Pipeline Configuration
This section deals with how to create end-user editable configuration files for parameters, variables and environment for your pipelines. Configuration is a key topic for computational pipelines as it is very common that a pipeline needs to be generalised - whether to run on different types of input data, using different computational resources, with different sets of reference data or other static resources, or many other types of settings that can differ between different contexts in which the pipeline may run. Therefore you need a way to specify sets of useful default values while allowing the end user to easily customise the values themselves in flexible ways.
Bpipe offers features to achieve this.
Precedence of Configuration Files
Although Bpipe offers several different ways to reference configuration settings, there is a common patterns to which are used in a setting where more than one value is available to choose from. This is:
- if a setting is provided on the command line when Bpipe is invoked, this is used
- otherwise, Bpipe will look for the setting in any configuration loaded from the local directory where the pipeline is running
- otherwise, Bpipe will try to load the setting from configuration set inside the directory where the pipeline file is located
- finally, Bpipe will load values from defaults that may be stored in
.bpipeconfig
in the user's home directory
With this in mind, if you are the pipeline author, the most common pattern is to put configuration settings into files that are stored in the same directory as your pipeline files. This way, the user can override them by adding configuration files into the directory where they are running the pipeline, or specify overrides on the command line.
In general, for user specific global preferences (for example, the user's email address), you would
leave this as a setting for them to provide in their ~/.bpipeconfig
file.
The Bpipe Config File
The main configuration file you should use for settings for your script should be the bpipe.config
file.
This file can be placed in the same directory as your pipeline file, and you can set in there
configuration for both how commands are executed (directly on a server, or on an HPC cluster, for example), and
also for the environment and settings those command use when they execute.
Tools
You can set the default location of some common tools that are used in computational workflows by setting
their locations in the bpipe.config
file:
- groovy:
groovy {
executable='/some/path/to/groovy/binary'
}
- python
python {
executable='/some/path/to/python/binary'
}
- conda (anaconda executable)
conda {
executable='/some/path/to/conda/binary'
}
- R
R {
executable='/some/path/to/Rscript/binary'
}
These configurations will be used when their inline scripting functions are invoked within Bpipe pipelines. In some cases relevant environment variables will also be inferred and set for your commands as well.
Command Configuration
The resources allocate to any given job often need to be customised to suit either the particular compute environment a pipeline is running in, or to the data that is being analysed.
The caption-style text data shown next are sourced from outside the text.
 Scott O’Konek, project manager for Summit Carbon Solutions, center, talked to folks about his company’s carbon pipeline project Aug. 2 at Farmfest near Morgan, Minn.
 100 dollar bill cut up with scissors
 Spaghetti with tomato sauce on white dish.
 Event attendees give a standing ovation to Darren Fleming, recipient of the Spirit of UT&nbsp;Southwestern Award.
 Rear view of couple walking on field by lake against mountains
To customise configuration for these settings, you can create a commands
section in your
bpipe.config
file. The options for configuring commands are described in detail in Resource Managers.
Environment Variables
Environment variables can be set for commands using an env
block. This can be set globally or within
the specific commands section:
command {
vep {
env {
PERL5LIB="/home/perl/lib"
}
}
}
Per-Environment Settings
Groovy offers a standard way to allow for multiple environments within a single configuration file. For example,
you can have different settings for development, test and production within one bpipe.config
file. To use
a specific environment, pass the --env
flag to Bpipe and provide the environment name. Then, you may create
an environments
block within your bpipe.config
and put environment specific configuration within there, with
one block for each environment containing overrides for that specific environment.
SERVER='http://dev.server/'
environments {
prod {
parameters {
SERVER=http://prod.server/
commands {
bwa {
memory="32g"
}
}
}
}
test {
parameters {
SERVER=http://test.server/
}
}
}
Bootstrap Configuration
The ability to use many different configuration files, and capability of utilising arbitrary classes (including Java libraries) creates some new problems when these files are used in complex configurations:
- how can you define common values that are used across the configuration files without duplicating their definition in each file?
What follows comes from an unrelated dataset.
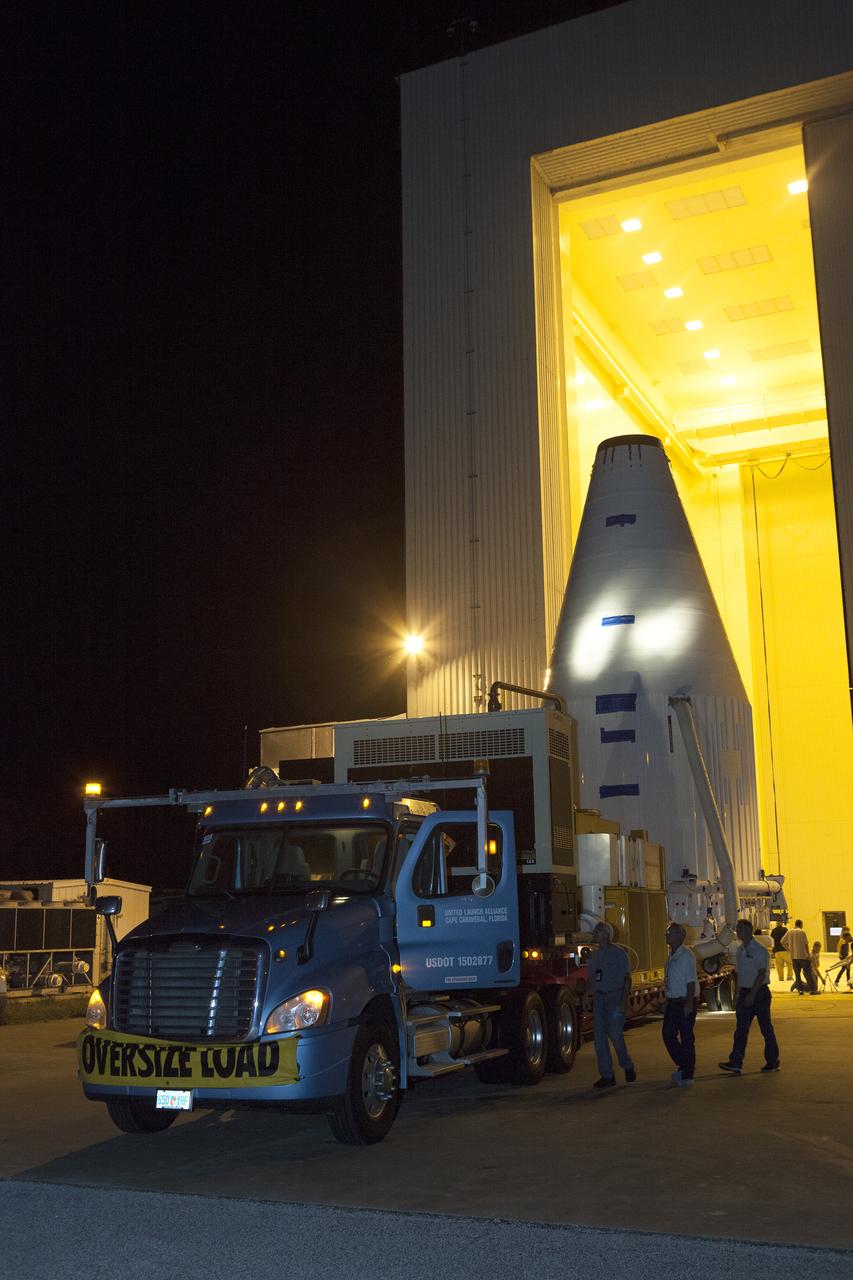 The OSIRIS-REx spacecraft, enclosed in a payload fairing, is towed from the Payload Hazardous Servicing Facility at NASA's Kennedy Space Center to begin the trip to Space Launch Complex 41 at the adjacent Cape Canaveral Air Force Station. The United Launch Alliance Atlas V rocket that is to lift OSIRIS-REx into space was stacked at SLC-41 so the spacecraft and fairing could be hoisted and bolted to the rocket promptly. The spacecraft will be sent to rendezvous with, survey and take a sample from an asteroid called Bennu.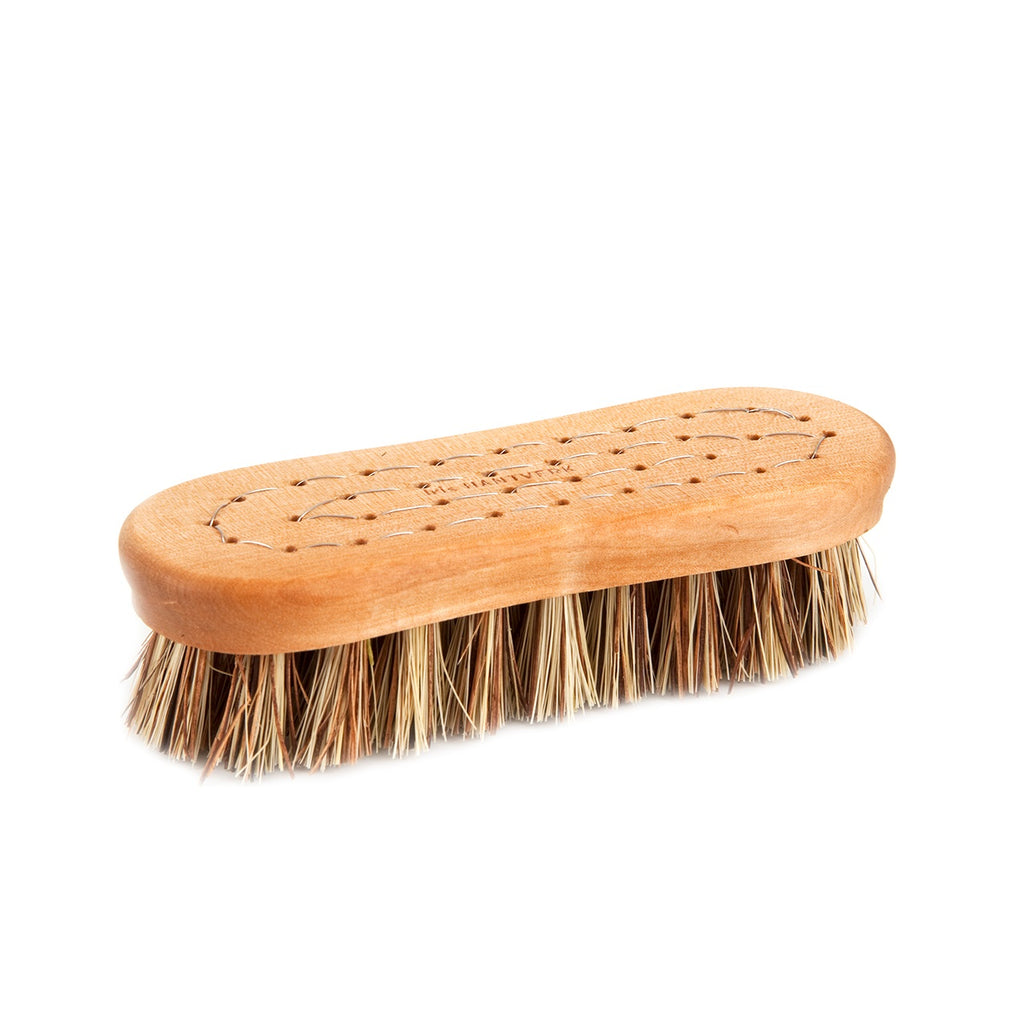 Wooden brush with bristles on a white background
- how can you use your own libraries within the configuration files? For example, you may want to build your configuration through API calls, parsing files in custom formats or through database access. Or you may wish to define a configuration model using type safe classes.
To help solve this type of "meta configuration" problem, Bpipe provides a special
configuration file option with unique behaviour: the "bootstrap" configuration, which
is named bpipe.bootstrap.config
, and must be located in the same directory as your
main pipeline file. This file is unique in that:
- it is loaded before any other configuration files
- any
libs
defined in the bootstrap configuration are then available to the other configuration files when they are loading - variable definitions defined in the
parameters
block of the bootstrap configuration are accessible directly as variables within the other configuration files
Using this technique, you can make core common values or libraries that you want to be accessible across all other layers of configuration available - in some ways, you can think of it as "configuration configuration".
Note that values from the bootstrap configuration are also merged to the final configuration used in the pipeline, taking precedence after the pipeline level configuration (that is, if the pipeline configuration defines a value, it is used downstream in preference to the bootstrap value).
Loading Configuration Directly
While most configuration can be accomplished with a bpipe.config
file you may prefer to separate
configuration variables from the runtime execution configuration. If you would like to do this,
a simple way is to use Bpipe's load
statement to load a file, which is commonly called config.groovy
in the same directory as your pipeline files.
For example you can have config.groovy
:
REF='/some/reference/file.fasta'
And then a pipeline that makes use of the configured values:
load 'config.groovy'
do_something = {
requires REF : "The reference file to use"
exec "sometool -R $REF"
}
run {
do_something
}
The user can still override the configuration in config.groovy
by supplying a config.groovy
in their own
runtime folder, or they can override values individually when launching Bpipe:
bpipe run -p REF=/a/different/file.fasta pipeline.groovy ...